Le poids de l’image sociale

    Comme à son habitude, au travers du parcours chaotique de Rahim, Fahradi dévoile une société iranienne contradictoire, entre modernité et archaïsme. Tout y passe : les prisons, les banques, les assurances, les petits commerces, les associations caritatives. Pas besoin de parler de politique – ce qu’il ne désire visiblement pas faire – le film parle pour lui, il suffit de le regarder et de voir comment Fahradi démembre un à un tous les rouages de la mécanique étatique. Cette mécanique se retourne contre l’individu qui finit broyé ou à la même place sociale, celle dont il avait voulu s’extraire en forçant le destin. Ambivalences des êtres, indécidabilité des actions, fatalisme social. Le cinéma de Fahradi serait-il le lieu d’un vrai scepticisme qui éclairerait notre actuel rapport au monde et expliquerait en partie les raisons de son succès et de son influence sur le cinéma mondial : « Suis-je un sceptique ? J’en doute… Mais je suis effectivement quelqu’un qui questionne et cherche les moyens de retourner la caméra sur le spectateur pour qu’il se questionne sur lui. »
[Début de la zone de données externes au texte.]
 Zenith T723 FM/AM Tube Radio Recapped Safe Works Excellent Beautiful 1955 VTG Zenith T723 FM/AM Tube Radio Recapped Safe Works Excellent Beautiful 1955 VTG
       Vraie nouveauté de ce film dont il faut désormais dire qu’il s’agit de son meilleur depuis Une séparation (2011), Rahim cherche moins à échapper à la prison qu’à se donner toujours le beau rôle pour plaire, séduire sa fiancée comme l’opinion publique. « J’ai voulu m’intéresser à un phénomène qui s’est exacerbé avec les réseaux sociaux dont l’influence est très importante en Iran : c’est le poids de l’image sociale de l’individu, sa réputation et la façon dont on est perçu par autrui. Les hommes cherchent avant tout à ce que cette image ne soit pas écornée. Ils se battent pour leur image. Pour elle, les individus sont capables de grands sacrifices. Rien ne compte autant que trouver le moyen de rester en accord avec l’image que l’on souhaite donner de soi. Rahim court après son image sans comprendre qu’elle lui échappe, qu’il ne peut rien faire pour la rattraper. En devenant un personnage public, elle ne lui appartient plus. Il devrait peut-être renoncer à s’en occuper pour suivre simplement son chemin avec sérénité. » Est-ce que Fahradi parle de lui ? Est-ce que ce cinéaste devenu symbole du cinéma de son pays doit parfaire son image de grand maître serein pour continuer à faire des films en Iran ? Il y a peut-être quelque chose du vieil artisan à l’américaine chez Fahradi, du cinéaste-pirate capable de faire passer son scepticisme en contrebande. Un pirate philosophe grimé en maître ? 

Asghar Fahradi, Un héros, Mémento, en salles le 15 décembre.